Your answer must be the data repeated exactly, with no pictures in it.

• **SUPPLIED MATERIAL**
━━━━━━━━━━━━━━━━━━━━━━━━━━━━━━
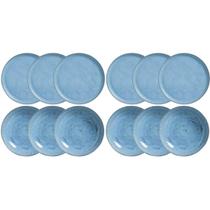Conjunto 12 Pratos Rasos e Fundos Cerâmica Azul Breeze Porto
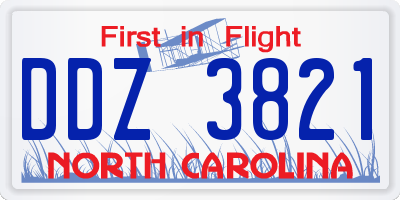 NC license plate DDZ3821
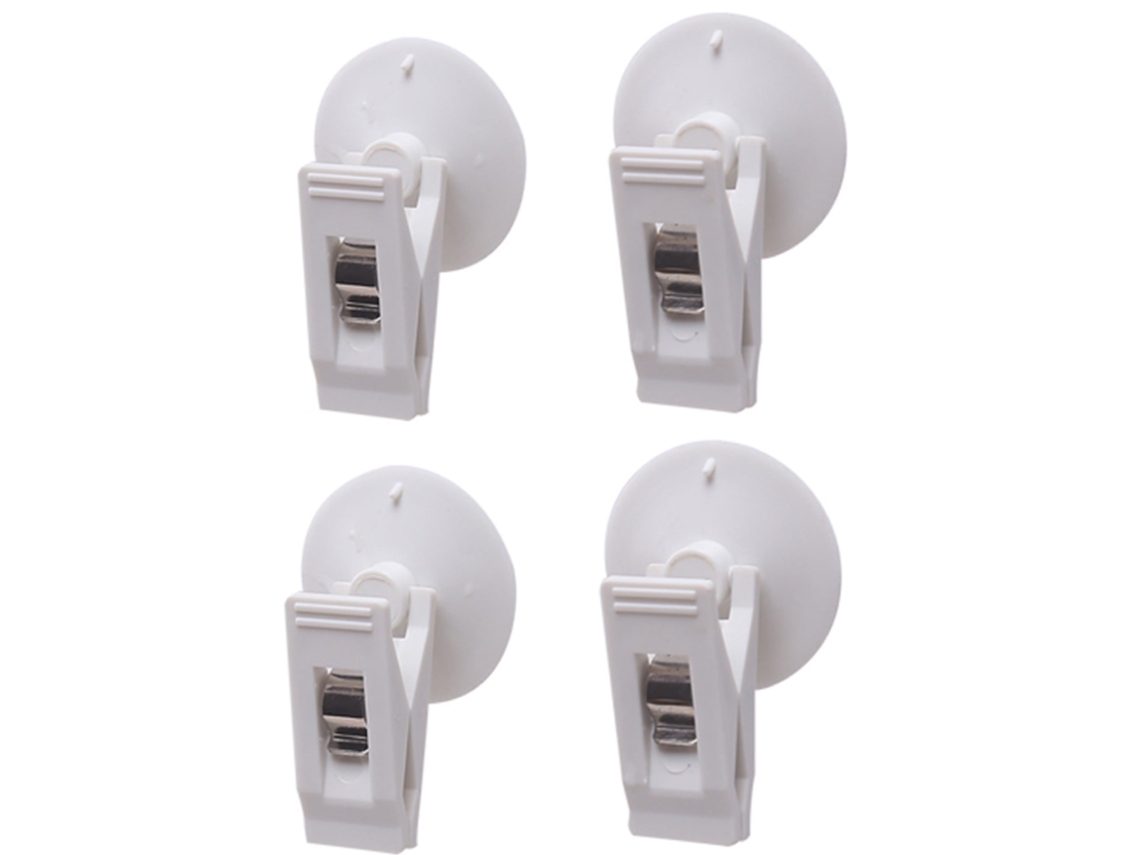 Conjunto de 4 Unidades Clipes Plástico Branco com Ventosa Para, Brisa, Cortina, Cartão e Fotos BRILVIBERA (universal)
━━━━━━━━━━━━━━━━━━━━━━━━━━━━━━
• **THE ANSWER**
Conjunto 12 Pratos Rasos e Fundos Cerâmica Azul Breeze Porto
 NC license plate DDZ3821
 Conjunto de 4 Unidades Clipes Plástico Branco com Ventosa Para, Brisa, Cortina, Cartão e Fotos BRILVIBERA (universal)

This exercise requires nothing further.